## TASK
Word for word, transcribe the data below.

## THE DATA
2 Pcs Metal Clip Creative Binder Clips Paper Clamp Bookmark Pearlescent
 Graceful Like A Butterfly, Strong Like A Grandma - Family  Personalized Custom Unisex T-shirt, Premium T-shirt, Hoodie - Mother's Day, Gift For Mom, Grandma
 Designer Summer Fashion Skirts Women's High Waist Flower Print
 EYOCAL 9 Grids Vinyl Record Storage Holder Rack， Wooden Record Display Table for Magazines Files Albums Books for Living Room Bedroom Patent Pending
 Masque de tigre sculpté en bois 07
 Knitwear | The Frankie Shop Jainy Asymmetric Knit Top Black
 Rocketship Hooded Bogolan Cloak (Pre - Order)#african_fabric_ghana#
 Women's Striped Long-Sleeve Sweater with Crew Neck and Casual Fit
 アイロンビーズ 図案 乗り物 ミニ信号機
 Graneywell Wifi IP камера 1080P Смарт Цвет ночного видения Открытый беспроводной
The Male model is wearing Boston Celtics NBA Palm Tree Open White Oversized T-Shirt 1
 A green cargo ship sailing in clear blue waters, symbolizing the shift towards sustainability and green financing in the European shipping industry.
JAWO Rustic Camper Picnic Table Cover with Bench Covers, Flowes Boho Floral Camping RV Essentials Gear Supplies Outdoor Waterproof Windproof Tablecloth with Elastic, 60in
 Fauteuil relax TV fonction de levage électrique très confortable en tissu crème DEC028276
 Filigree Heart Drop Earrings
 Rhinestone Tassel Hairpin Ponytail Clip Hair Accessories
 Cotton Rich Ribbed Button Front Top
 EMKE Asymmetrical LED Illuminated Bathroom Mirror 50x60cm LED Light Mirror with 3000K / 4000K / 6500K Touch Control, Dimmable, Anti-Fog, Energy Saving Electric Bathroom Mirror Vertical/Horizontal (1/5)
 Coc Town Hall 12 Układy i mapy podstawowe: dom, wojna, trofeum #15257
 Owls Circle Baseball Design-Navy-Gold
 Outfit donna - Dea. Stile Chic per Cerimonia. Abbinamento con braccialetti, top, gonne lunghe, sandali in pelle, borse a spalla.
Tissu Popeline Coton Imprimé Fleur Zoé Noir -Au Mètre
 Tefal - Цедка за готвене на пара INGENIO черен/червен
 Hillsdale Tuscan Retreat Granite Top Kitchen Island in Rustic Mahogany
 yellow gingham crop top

## WRITTEN SOLUTION
2 Pcs Metal Clip Creative Binder Clips Paper Clamp Bookmark Pearlescent
 Graceful Like A Butterfly, Strong Like A Grandma - Family  Personalized Custom Unisex T-shirt, Premium T-shirt, Hoodie - Mother's Day, Gift For Mom, Grandma
 Designer Summer Fashion Skirts Women's High Waist Flower Print
 EYOCAL 9 Grids Vinyl Record Storage Holder Rack， Wooden Record Display Table for Magazines Files Albums Books for Living Room Bedroom Patent Pending
 Masque de tigre sculpté en bois 07
 Knitwear | The Frankie Shop Jainy Asymmetric Knit Top Black
 Rocketship Hooded Bogolan Cloak (Pre - Order)#african_fabric_ghana#
 Women's Striped Long-Sleeve Sweater with Crew Neck and Casual Fit
 アイロンビーズ 図案 乗り物 ミニ信号機
 Graneywell Wifi IP камера 1080P Смарт Цвет ночного видения Открытый беспроводной
The Male model is wearing Boston Celtics NBA Palm Tree Open White Oversized T-Shirt 1
 A green cargo ship sailing in clear blue waters, symbolizing the shift towards sustainability and green financing in the European shipping industry.
JAWO Rustic Camper Picnic Table Cover with Bench Covers, Flowes Boho Floral Camping RV Essentials Gear Supplies Outdoor Waterproof Windproof Tablecloth with Elastic, 60in
 Fauteuil relax TV fonction de levage électrique très confortable en tissu crème DEC028276
 Filigree Heart Drop Earrings
 Rhinestone Tassel Hairpin Ponytail Clip Hair Accessories
 Cotton Rich Ribbed Button Front Top
 EMKE Asymmetrical LED Illuminated Bathroom Mirror 50x60cm LED Light Mirror with 3000K / 4000K / 6500K Touch Control, Dimmable, Anti-Fog, Energy Saving Electric Bathroom Mirror Vertical/Horizontal (1/5)
 Coc Town Hall 12 Układy i mapy podstawowe: dom, wojna, trofeum #15257
 Owls Circle Baseball Design-Navy-Gold
 Outfit donna - Dea. Stile Chic per Cerimonia. Abbinamento con braccialetti, top, gonne lunghe, sandali in pelle, borse a spalla.
Tissu Popeline Coton Imprimé Fleur Zoé Noir -Au Mètre
 Tefal - Цедка за готвене на пара INGENIO черен/червен
 Hillsdale Tuscan Retreat Granite Top Kitchen Island in Rustic Mahogany
 yellow gingham crop top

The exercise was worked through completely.